There were an estimated 2 million stillbirths in 2019. The importance of these deaths, both in terms of their overall number and their impact on women, families, health professionals and wider society, is increasingly being recognized. It has also been widely accepted that stillbirths are largely preventable when women have improved access to high-quality care along the continuum from pre-conception to childbirth. While most governments now recognize that stillbirths are mostly preventable, large gaps exist in national- and global-level data on stillbirth. In order to end these unnecessary deaths by 2030, urgent investments are needed to improve the data on this often overlooked aspect of child mortality.
Data and stillbirth
Stronger data allow us to better understand the distribution of the burden of stillbirth and of the closely related burdens of maternal and newborn morbidity and mortality, and to target interventions accordingly. Improvements are not only needed in the collection of data to count and classify these deaths – including birthweight, gestational age and vital status at birth – but also in data that capture the contextual conditions that contribute to stillbirths.
High-quality comparable data can be utilized in many important ways: They can facilitate review of progress in reducing stillbirths that occur during deliveries at health facilities, allow regional and international comparisons to be made, improve clinical practice and epidemiological and health surveillance, and focus limited programmatic and research funds. Collecting information on timing of stillbirths — whether antepartum or intrapartum – is also an important quality-of-care indicator.
Challenges with data
Several challenges stand in the way of quality and comparable data on stillbirths, including omission of events and misclassification. With regards to omission, stillbirths may be missing from a data system completely, in cases, for instance, where no attempt is made to capture this information. In data systems that seek to reflect information on all births – both live births and stillbirths – births can still be missed for various reasons. These may include low levels of understanding and engagement in stillbirth reporting among health care workers and a failure of data systems to cover birth events among the most marginalized, especially when deliveries take place outside a health facility.
Misclassification of stillbirths as miscarriages or neonatal deaths is common. These errors may be inadvertent or deliberate, to avoid blame or additional paperwork, for example. In addition, inconsistent application of stillbirth definitions can also contribute to misclassification and thus impact comparability of stillbirth data.
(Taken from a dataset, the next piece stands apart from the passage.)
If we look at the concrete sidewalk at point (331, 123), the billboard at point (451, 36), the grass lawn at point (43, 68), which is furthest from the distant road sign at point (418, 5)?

Including all births, whether live or stillborn, in a single data system is important in light of the substantial misclassification between stillbirths and very early neonatal deaths; while the underlying risk factors, cause of death, and public health interventions to address these deaths are similar, stillbirths are additionally associated with increased maternal morbidity and health care needs that may differ to those of very early neonatal deaths.
Scope of this guideline
This guideline seeks to support two specific audiences: (1) health care workers, to provide guidance on the data elements and indicators needed to collect high quality stillbirth data and data managers/public health professionals at local, regional and national level, to provide guidance on the data required to assess current stillbirth data quality and to execute relevant improvements to these data, thus driving informed policies to end preventable deaths.